JAIME ASPIAZU Guayaquil, Ecuador
The New Math
Sir: As an elementary teacher of the modern approach to mathematics, I wish to commend you for your informative, understandable, enthusiastic and basically honest account [Jan. 31] of the much-needed attempts to improve mathematics teaching throughout the child's school years.
The vast majority of parents applaud the school's effort in this respect. Teachers genuinely enjoy teaching mathematics using the modern approach, thereby increasing their own and their pupils' mathematics literacy and making unnecessary the use of "strongarm" rote methods of teaching and learning.
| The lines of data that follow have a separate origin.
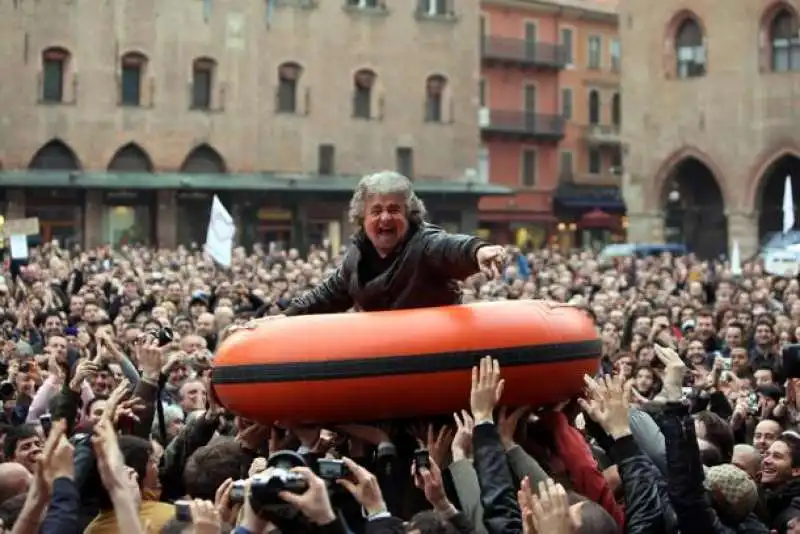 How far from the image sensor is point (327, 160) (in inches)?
1983

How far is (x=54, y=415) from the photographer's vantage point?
920 cm

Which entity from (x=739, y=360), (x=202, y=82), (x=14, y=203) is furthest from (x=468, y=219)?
(x=739, y=360)

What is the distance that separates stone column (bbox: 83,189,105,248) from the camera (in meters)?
45.7

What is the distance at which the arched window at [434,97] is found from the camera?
5250 cm

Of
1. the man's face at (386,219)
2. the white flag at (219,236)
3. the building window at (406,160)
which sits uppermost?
the building window at (406,160)

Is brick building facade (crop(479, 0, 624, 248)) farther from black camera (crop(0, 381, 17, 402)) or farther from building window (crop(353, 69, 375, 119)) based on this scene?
black camera (crop(0, 381, 17, 402))

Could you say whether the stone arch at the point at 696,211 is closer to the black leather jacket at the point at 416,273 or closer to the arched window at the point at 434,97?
the arched window at the point at 434,97

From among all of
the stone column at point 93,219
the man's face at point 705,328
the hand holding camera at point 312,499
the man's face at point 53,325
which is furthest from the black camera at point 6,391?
the stone column at point 93,219

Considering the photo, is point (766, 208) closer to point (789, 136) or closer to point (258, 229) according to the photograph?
point (789, 136)

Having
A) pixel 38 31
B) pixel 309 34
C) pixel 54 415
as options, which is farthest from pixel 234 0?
pixel 54 415

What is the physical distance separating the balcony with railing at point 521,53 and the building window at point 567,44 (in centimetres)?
36

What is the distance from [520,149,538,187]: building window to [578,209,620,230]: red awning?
3048 mm

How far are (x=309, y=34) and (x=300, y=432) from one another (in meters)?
43.1

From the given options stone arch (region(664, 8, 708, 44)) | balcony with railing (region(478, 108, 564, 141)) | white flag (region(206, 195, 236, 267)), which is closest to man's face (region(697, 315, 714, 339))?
white flag (region(206, 195, 236, 267)) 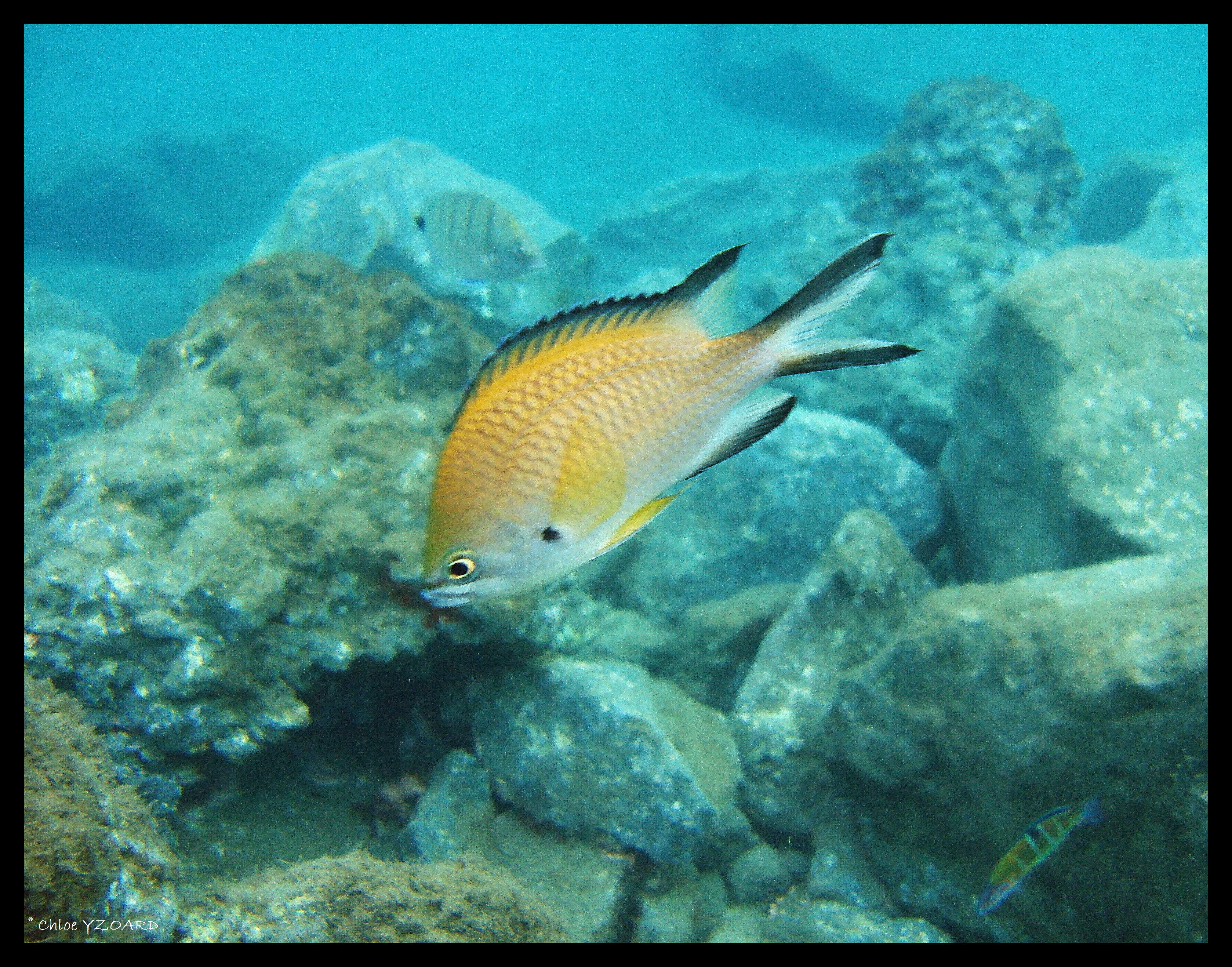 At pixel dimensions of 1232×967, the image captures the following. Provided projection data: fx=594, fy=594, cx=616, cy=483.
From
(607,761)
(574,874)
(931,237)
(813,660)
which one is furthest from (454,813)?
(931,237)

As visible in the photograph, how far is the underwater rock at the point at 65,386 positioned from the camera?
6.76 m

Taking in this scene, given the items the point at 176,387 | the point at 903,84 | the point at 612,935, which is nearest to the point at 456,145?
the point at 903,84

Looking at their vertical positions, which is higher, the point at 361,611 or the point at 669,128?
the point at 669,128

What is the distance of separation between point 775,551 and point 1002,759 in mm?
2728

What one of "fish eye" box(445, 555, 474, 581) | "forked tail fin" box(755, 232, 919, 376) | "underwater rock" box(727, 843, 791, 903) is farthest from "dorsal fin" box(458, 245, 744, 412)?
"underwater rock" box(727, 843, 791, 903)

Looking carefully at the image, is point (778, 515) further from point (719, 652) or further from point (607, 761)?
point (607, 761)

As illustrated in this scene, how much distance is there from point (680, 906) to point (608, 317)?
3369 millimetres

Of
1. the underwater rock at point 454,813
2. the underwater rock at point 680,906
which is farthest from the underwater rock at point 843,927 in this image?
the underwater rock at point 454,813

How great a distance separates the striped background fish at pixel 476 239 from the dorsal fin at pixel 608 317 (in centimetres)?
324

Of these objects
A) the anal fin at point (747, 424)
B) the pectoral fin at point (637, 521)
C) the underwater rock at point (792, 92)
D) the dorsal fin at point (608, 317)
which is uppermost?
the underwater rock at point (792, 92)

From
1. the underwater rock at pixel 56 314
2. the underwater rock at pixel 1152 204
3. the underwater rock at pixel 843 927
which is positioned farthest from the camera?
the underwater rock at pixel 56 314

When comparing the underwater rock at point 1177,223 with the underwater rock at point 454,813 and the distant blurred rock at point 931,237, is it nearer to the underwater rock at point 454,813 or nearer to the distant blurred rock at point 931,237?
the distant blurred rock at point 931,237

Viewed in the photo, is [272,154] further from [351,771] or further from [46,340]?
[351,771] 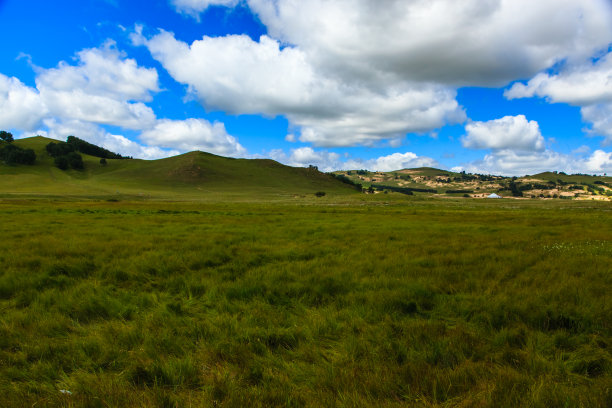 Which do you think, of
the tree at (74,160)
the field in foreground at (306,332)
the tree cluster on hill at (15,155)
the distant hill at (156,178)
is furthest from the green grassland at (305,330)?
the tree cluster on hill at (15,155)

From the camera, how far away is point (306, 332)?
Answer: 16.2ft

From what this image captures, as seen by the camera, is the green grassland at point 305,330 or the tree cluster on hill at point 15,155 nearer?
the green grassland at point 305,330

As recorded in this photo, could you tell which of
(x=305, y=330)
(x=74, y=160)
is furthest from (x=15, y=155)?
(x=305, y=330)

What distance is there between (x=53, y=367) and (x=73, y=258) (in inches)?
279

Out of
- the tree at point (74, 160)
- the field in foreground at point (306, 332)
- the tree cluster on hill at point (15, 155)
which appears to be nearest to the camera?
the field in foreground at point (306, 332)

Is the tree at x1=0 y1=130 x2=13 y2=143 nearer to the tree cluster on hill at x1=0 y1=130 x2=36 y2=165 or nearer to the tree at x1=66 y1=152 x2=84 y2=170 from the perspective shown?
the tree cluster on hill at x1=0 y1=130 x2=36 y2=165

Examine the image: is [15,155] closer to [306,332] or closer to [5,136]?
[5,136]

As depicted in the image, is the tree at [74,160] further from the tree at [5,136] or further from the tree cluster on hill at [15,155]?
the tree at [5,136]

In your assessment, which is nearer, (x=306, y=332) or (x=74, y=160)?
(x=306, y=332)

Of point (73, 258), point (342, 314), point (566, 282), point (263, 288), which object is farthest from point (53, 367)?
point (566, 282)

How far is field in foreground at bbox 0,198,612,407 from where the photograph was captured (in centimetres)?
344

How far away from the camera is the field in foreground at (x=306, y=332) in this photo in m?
3.44

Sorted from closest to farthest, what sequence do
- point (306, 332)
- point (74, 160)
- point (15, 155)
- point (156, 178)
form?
point (306, 332), point (15, 155), point (156, 178), point (74, 160)

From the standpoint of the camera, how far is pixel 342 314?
5.64 m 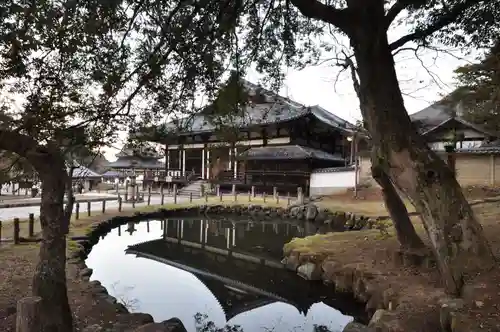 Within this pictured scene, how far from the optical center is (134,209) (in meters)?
18.1

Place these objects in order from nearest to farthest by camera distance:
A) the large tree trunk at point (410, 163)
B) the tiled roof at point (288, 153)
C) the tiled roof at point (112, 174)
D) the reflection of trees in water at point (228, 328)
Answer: the large tree trunk at point (410, 163) → the reflection of trees in water at point (228, 328) → the tiled roof at point (288, 153) → the tiled roof at point (112, 174)

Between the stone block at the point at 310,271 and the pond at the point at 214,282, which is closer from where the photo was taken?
the pond at the point at 214,282

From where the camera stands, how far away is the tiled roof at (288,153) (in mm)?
24914

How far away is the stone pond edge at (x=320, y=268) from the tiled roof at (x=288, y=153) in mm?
6050

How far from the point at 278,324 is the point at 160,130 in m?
3.95

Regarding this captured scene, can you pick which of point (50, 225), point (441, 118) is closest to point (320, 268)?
point (50, 225)

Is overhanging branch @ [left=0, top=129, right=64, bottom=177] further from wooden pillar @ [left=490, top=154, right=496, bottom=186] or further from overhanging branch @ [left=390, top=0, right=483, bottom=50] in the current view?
wooden pillar @ [left=490, top=154, right=496, bottom=186]

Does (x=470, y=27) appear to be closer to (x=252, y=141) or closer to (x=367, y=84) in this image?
(x=367, y=84)

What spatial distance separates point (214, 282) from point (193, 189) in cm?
2120

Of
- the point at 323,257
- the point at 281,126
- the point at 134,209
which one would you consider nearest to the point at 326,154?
the point at 281,126

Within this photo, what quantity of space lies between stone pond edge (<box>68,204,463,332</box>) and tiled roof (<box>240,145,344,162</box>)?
605 centimetres

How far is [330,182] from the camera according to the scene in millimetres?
24375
Many children are now operating mathematically on a much higher plane than their contemporaries of a decade ago. Those of us who see what is happening from the inside believe we will soon reap a considerable harvest from our present efforts.
RICHARD A. ANDERSON Schenectady, N.Y.
Sir: As a high school student who was caught in the middle when New York City schools switched over to "new" mathematics, I differ strongly with the viewpoint you expressed in Education.
The basic fallacy in new mathematics is that it fails to see why mathematics is taught at all. For the very few who intend to pursue mathematical philosophy as a career, new math is dandy. But for the vast majority, who learn math in order to deal with the arithmetical problems of life, new math is a hodgepodge of abstractions that range from the irrelevant to the absurd and merely interfere with the practical applications of mathematics.
LARRY KAPLAN Bayside, N.Y.
Sir: You will be interested to know that three-to six-year-olds in Montessori schools in America and throughout the world are working with mathematical apparatus such as beads, rods, counters, square and cube formations, etc., taking the common-sense road from the concrete to the abstract.
Maria Montessori stated that there was no such thing as a nonmathematical mind. It was only the result of poor teaching. It would appear that she was far ahead of her time.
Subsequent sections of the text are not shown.